▸ Directions
Here is the task for the records below: repeat exactly the lines from the one with "bedroom featuring connected" to the one with "Two people talking", both included, and nothing else.

▸ Dataset records
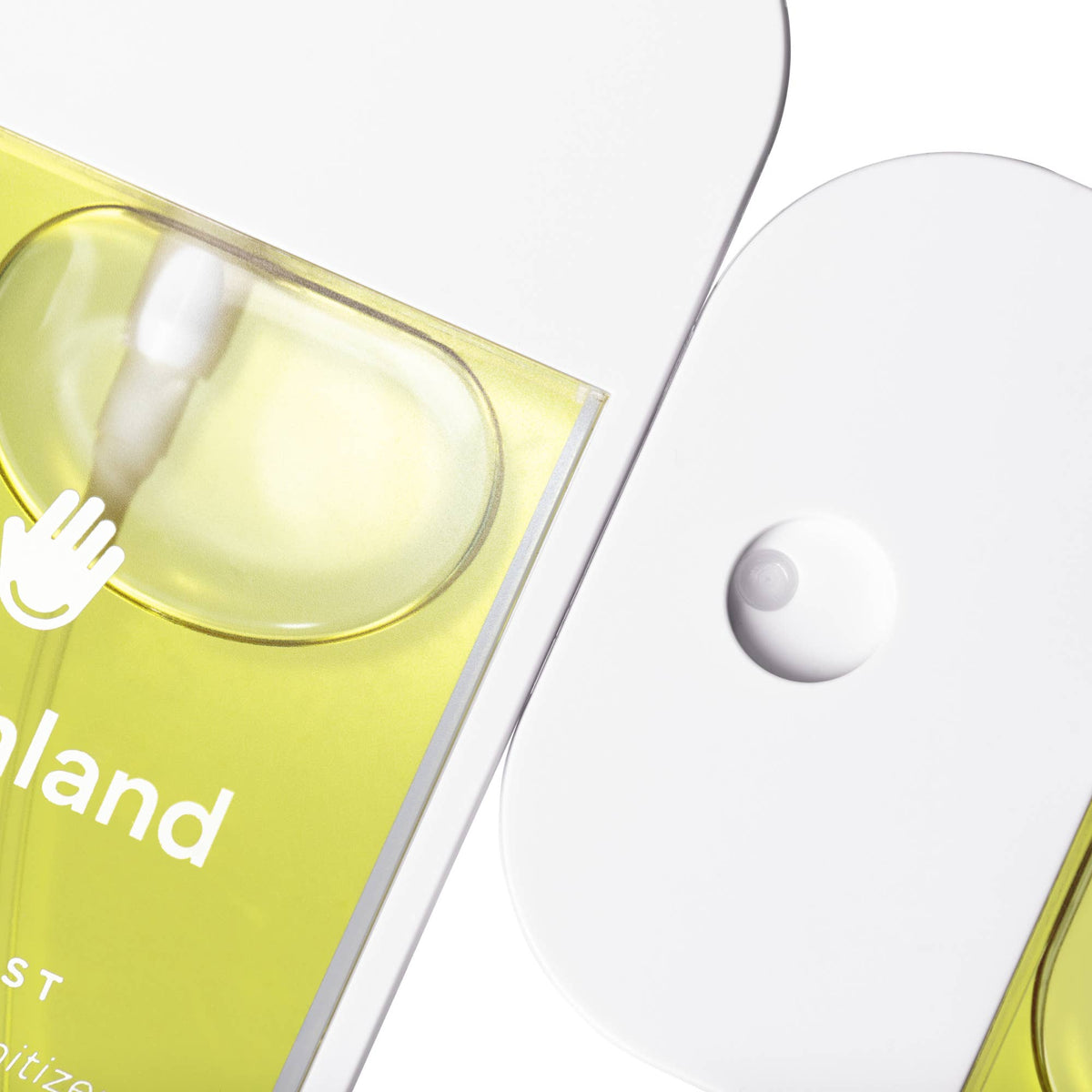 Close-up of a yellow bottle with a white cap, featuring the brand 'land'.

* * *

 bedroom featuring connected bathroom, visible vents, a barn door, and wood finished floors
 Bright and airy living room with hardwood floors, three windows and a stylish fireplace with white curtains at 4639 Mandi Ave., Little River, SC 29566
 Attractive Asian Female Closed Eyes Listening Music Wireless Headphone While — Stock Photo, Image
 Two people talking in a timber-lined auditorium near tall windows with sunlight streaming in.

▸ Answer to the problem
 bedroom featuring connected bathroom, visible vents, a barn door, and wood finished floors
 Bright and airy living room with hardwood floors, three windows and a stylish fireplace with white curtains at 4639 Mandi Ave., Little River, SC 29566
 Attractive Asian Female Closed Eyes Listening Music Wireless Headphone While — Stock Photo, Image
 Two people talking in a timber-lined auditorium near tall windows with sunlight streaming in.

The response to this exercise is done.